The Radical Fringes of Interwar Europe, 1918-1936 HIST4227
- Academic Session: 2019-20
- School: School of Humanities
- Credits: 20
- Level: Level 4 (SCQF level 10)
- Typically Offered: Either Semester 1 or Semester 2
- Available to Visiting Students: Yes
Although remembered posthumously mainly as an interlude between the First and Second World Wars, inter-war Europe saw the birth of the core ideas that were to shape the modern world. This course looks at a number of key themes, including the rise of modern design via the Bauhaus movement, the first attempt at 'global government' (The League of Nations), the emergence of the modern world's first secular, modernising Muslim state (Kemalist Turkey), and the most radical political alternatives to free market liberal capitalism (Communism and Fascism) that emerged in Italy, Spain, the Soviet Union, Romania and Germany during this period.

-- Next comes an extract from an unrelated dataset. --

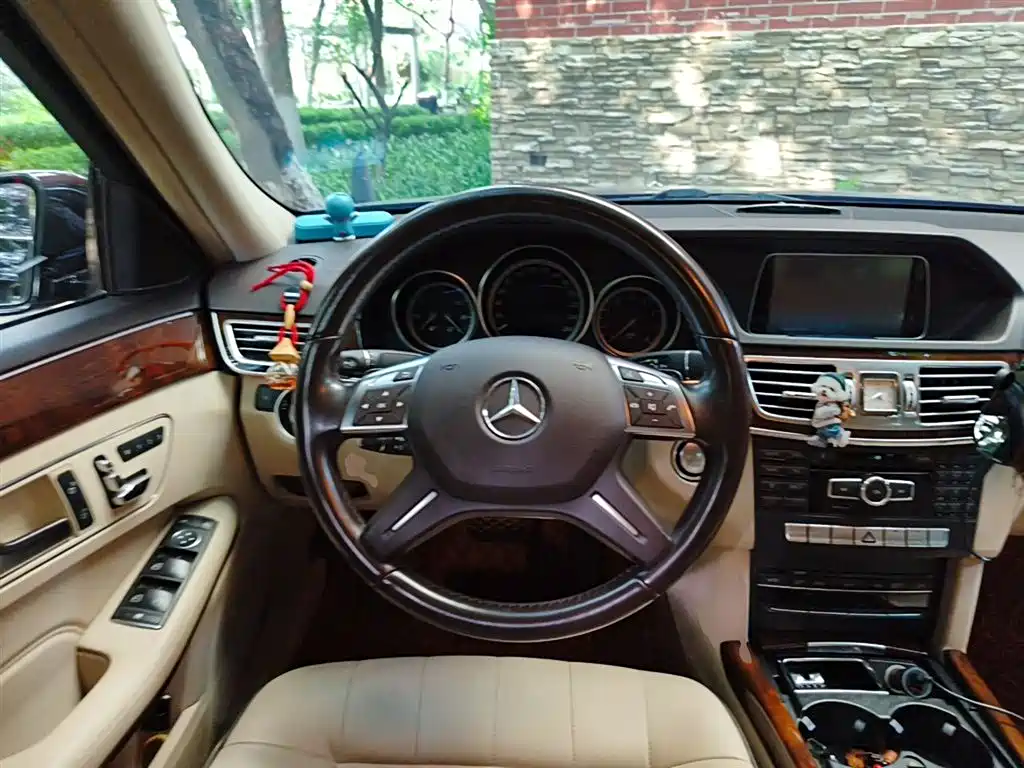 Mercedes-Benz E-Class E 2015 E 200 L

Two one-hour sessions per week. This is one of the Honours options in History and may not run every year. The options that are running this session are available on MyCampus.
Requirements of Entry
Available to all students fulfilling requirements for Honours entry into History, and by arrangement to visiting students or students of other Honours programmes.
One two-hour examination in April/May of year taught (70%).

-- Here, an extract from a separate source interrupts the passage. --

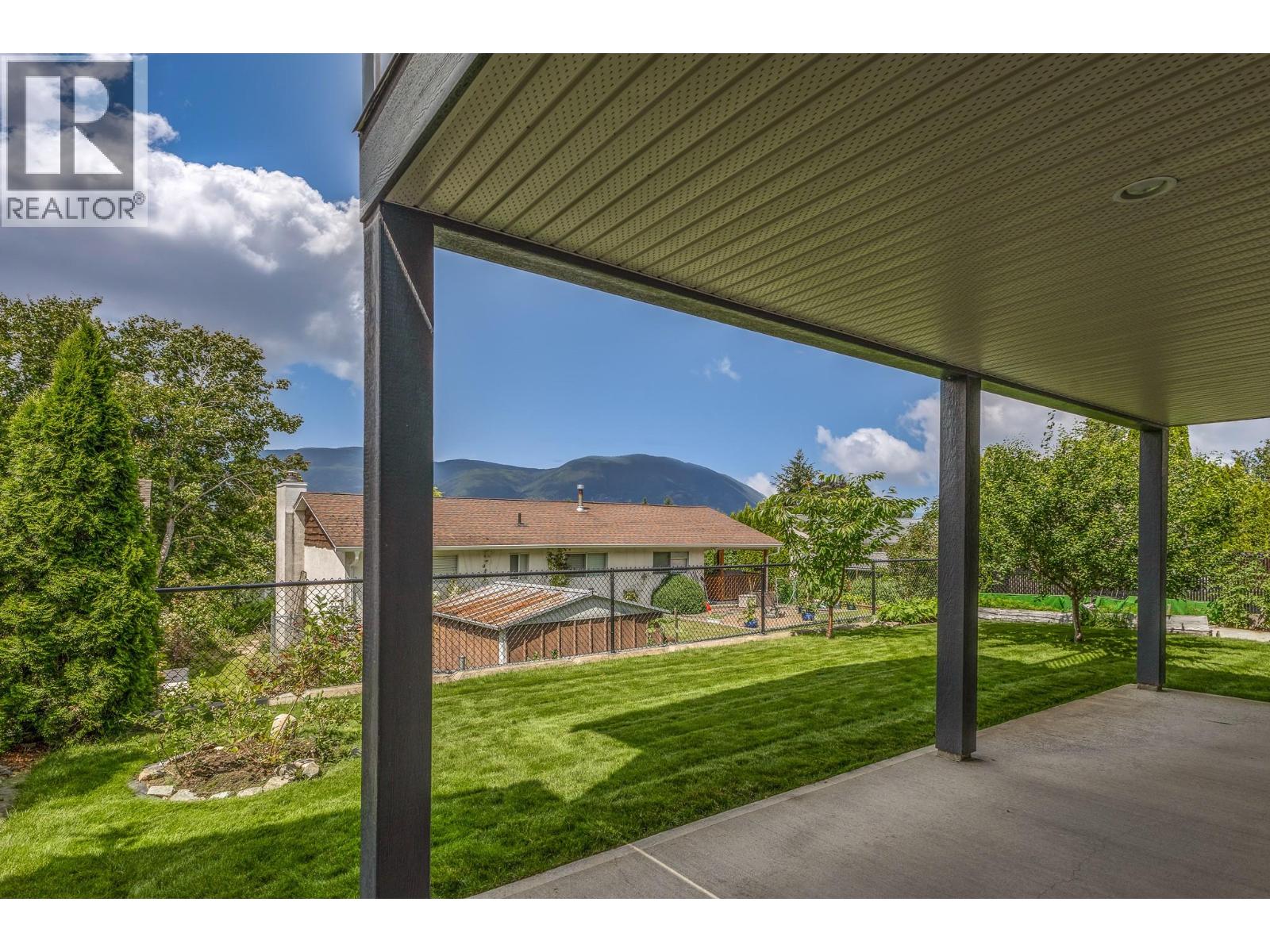 221 24 Street NE - 31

One 2,000 word essay (20%)
One 1500 word seminar written paper (3%) and 10 minute seminar oral presentation (3%)
Overall seminar contribution (4%)
Main Assessment In: April/May
Are reassessment opportunities available for all summative assessments? Not applicable
Reassessments are normally available for all courses, except those which contribute to the Honours classification. For non Honours courses, students are offered reassessment in all or any of the components of assessment if the satisfactory (threshold) grade for the overall course is not achieved at the first attempt. This is normally grade D3 for undergraduate students and grade C3 for postgraduate students. Exceptionally it may not be possible to offer reassessment of some coursework items, in which case the mark achieved at the first attempt will be counted towards the final course grade. Any such exceptions for this course are described below.
This course will provide the opportunity to:
■ prepare students for independent and original analysis of a complex range of evidence, including source materials, thereby developing intellectual skills that will be of benefit in a wide range of careers.

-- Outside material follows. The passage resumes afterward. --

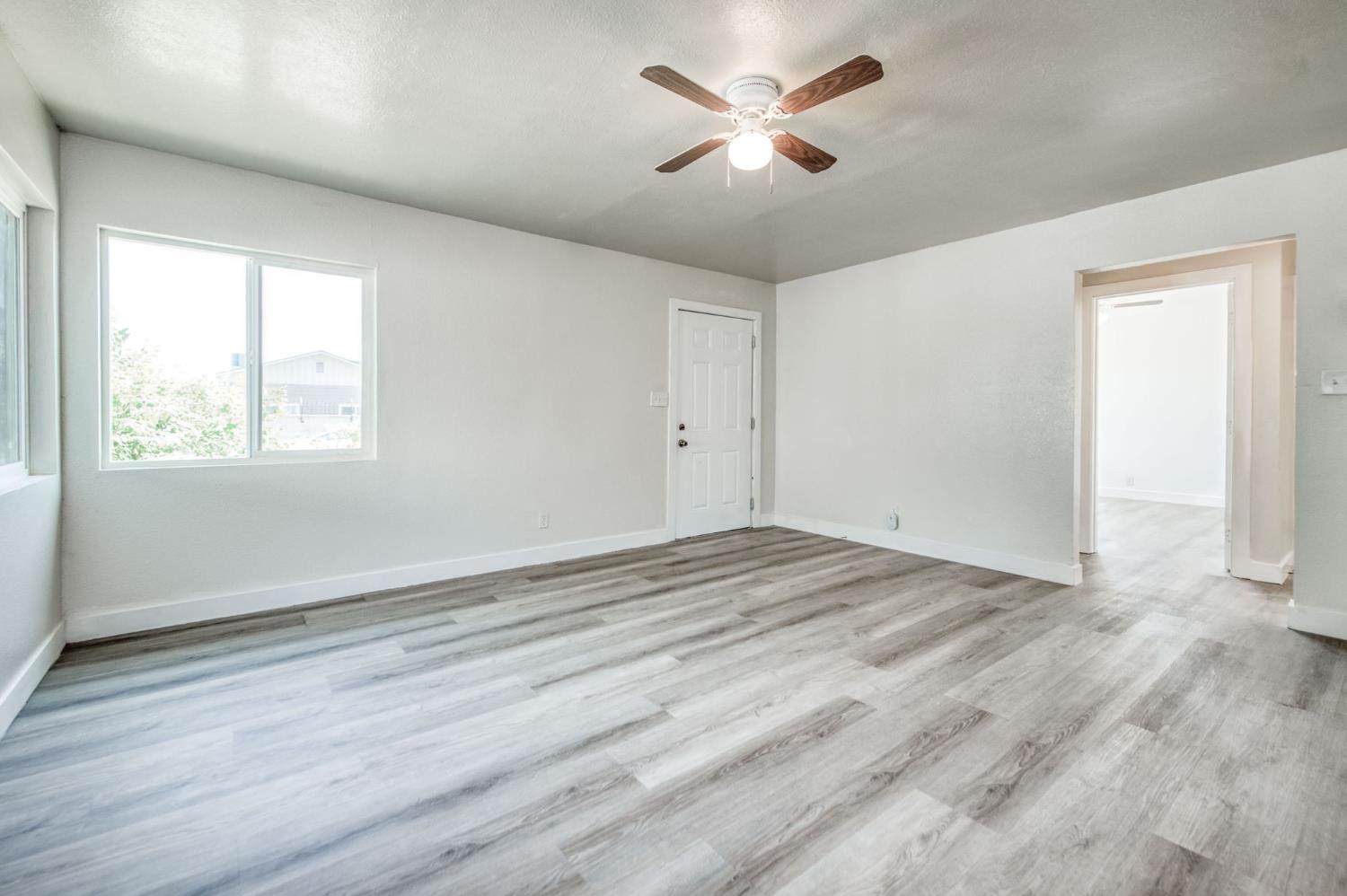 1017 E Vine Ave, Fresno, CA 93706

Students' research capacity will be enriched by their introduction to diverse source materials and their oral and written communication skills enhanced in ways designed to address employers' expectations for highly literate and highly articulate graduates who are fully cognisant of a range of research tools.
■ show students how a professional historian works.
By supporting students in the production of their essay and seminar presentation, students will gain first hand experience of the scoping and shaping of research projects and the challenges faced by historians in the pursuit of advances in knowledge.
■ familiarise students, through source-criticism, with a wide-range of problems of interpretation arising from different usages of language, underlying meanings and intentions, differing standards of objectivity, and the variety of purpose and intent associated with historical evidence (written, visual or other).
The critical interpretation of key historiographical and theoretical debates relating to this subject will inform the close reading of sources. Provenance, perspective, context, intent and audience will be core considerations in students' interpretation of sources.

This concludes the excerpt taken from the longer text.